Lo ha stabilito un giudice donna in un caso di omicidio, in cui un uomo ha accoltellato, ferendola a morte, la sua compagna. È successo nei giorni scorsi tra due cittadini ecuadoregni, sul suolo patrio della novella nazione sovranista a trazione leghista. Secondo quanto riferisce il giudice, in questo caso avendo la donna prodotto delle illusioni all’uomo, sulla compiuta realizzazione della loro relazione, questo evocherebbe il diritto a riconoscere giuridicamente delle attenuanti verso il maschio che ha poi ucciso la propria compagna. Provocando, come effetto giuridico, il dimezzamento della pena. Riferisce la giudice Silvia Carpanini: “Niente può giustificare un omicidio, è chiaro. Ma c’è omicidio e omicidio, c’è dolo e dolo e non tutti gli omicidi prendono 30 anni di pena” così la giudice ha commentato la sua sentenza nei confronti dell’ecuadoriano Javier Gamboa condannato a soli 16 anni per l’omicidio della moglie Jenny Reyes.”

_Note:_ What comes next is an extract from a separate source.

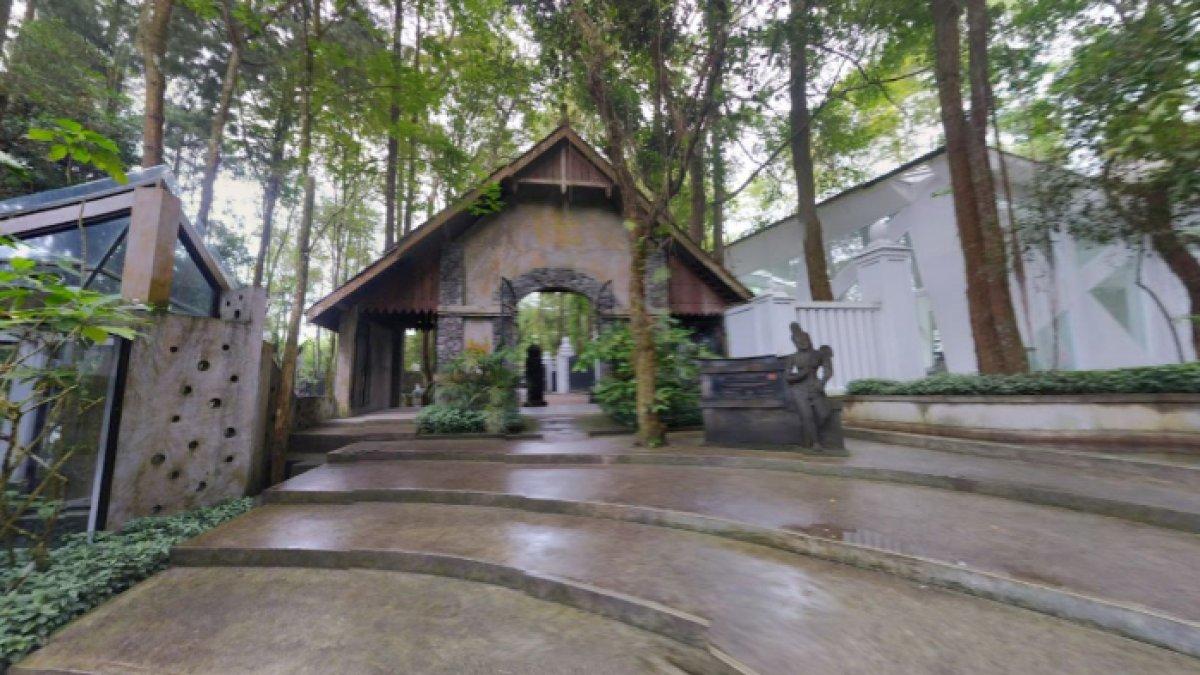 Museum Ullen Sentalu, Yogyakarta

Lo Stato d’animo dell’uomo afferma la toga era molto intenso: pochi giorni fa un’altra sentenza aveva definito la condizione dell’uomo “una tempesta emotiva” sancendo uno sconto di pena pari alla metà della sanzione. La decisione è stata molto duramente commentata dagli organi di stampa e sui social. Il giudice si è difeso sostenendo che le sentenze si possono criticare a patto che si conoscano i presupposti su cui si sancisce un dolo nell’esercizio di un’azione. Comunque la si veda, comunque la si pensi, resta un dubbio: la donna è veramente tutelata dal diritto italiano?